WHAT THE TASK ASKS:
Among the lines below, copy exactly those from the one with "Loewe Graphic Buckle" through the one with "PRADA Prada Nylon", counting both ends.

DATA UNDER STUDY:
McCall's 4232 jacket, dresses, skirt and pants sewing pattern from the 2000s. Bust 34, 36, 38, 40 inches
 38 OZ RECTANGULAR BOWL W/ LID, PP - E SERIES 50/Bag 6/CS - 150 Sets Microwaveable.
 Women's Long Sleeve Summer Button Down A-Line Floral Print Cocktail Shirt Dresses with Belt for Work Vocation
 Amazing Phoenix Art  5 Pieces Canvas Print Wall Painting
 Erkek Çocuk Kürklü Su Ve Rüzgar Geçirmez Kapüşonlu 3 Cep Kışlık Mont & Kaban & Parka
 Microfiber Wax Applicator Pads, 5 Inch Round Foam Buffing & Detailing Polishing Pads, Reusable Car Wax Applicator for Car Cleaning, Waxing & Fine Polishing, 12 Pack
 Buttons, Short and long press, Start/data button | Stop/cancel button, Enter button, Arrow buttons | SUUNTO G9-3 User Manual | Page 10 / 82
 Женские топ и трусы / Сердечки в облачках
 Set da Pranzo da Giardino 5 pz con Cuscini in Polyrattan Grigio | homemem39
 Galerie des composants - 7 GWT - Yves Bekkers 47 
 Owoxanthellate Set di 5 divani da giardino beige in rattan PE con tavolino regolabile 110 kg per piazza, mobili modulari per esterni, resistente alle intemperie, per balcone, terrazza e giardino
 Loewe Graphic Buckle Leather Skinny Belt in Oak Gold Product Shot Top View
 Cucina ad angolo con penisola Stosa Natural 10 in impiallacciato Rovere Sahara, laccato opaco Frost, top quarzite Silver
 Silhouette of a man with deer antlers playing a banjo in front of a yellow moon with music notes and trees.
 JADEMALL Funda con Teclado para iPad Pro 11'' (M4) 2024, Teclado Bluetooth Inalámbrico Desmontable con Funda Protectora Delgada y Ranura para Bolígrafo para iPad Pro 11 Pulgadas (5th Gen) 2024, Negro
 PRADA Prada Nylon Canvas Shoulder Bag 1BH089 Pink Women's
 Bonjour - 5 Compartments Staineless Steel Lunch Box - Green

ANSWER BELOW:
 Loewe Graphic Buckle Leather Skinny Belt in Oak Gold Product Shot Top View
 Cucina ad angolo con penisola Stosa Natural 10 in impiallacciato Rovere Sahara, laccato opaco Frost, top quarzite Silver
 Silhouette of a man with deer antlers playing a banjo in front of a yellow moon with music notes and trees.
 JADEMALL Funda con Teclado para iPad Pro 11'' (M4) 2024, Teclado Bluetooth Inalámbrico Desmontable con Funda Protectora Delgada y Ranura para Bolígrafo para iPad Pro 11 Pulgadas (5th Gen) 2024, Negro
 PRADA Prada Nylon Canvas Shoulder Bag 1BH089 Pink Women's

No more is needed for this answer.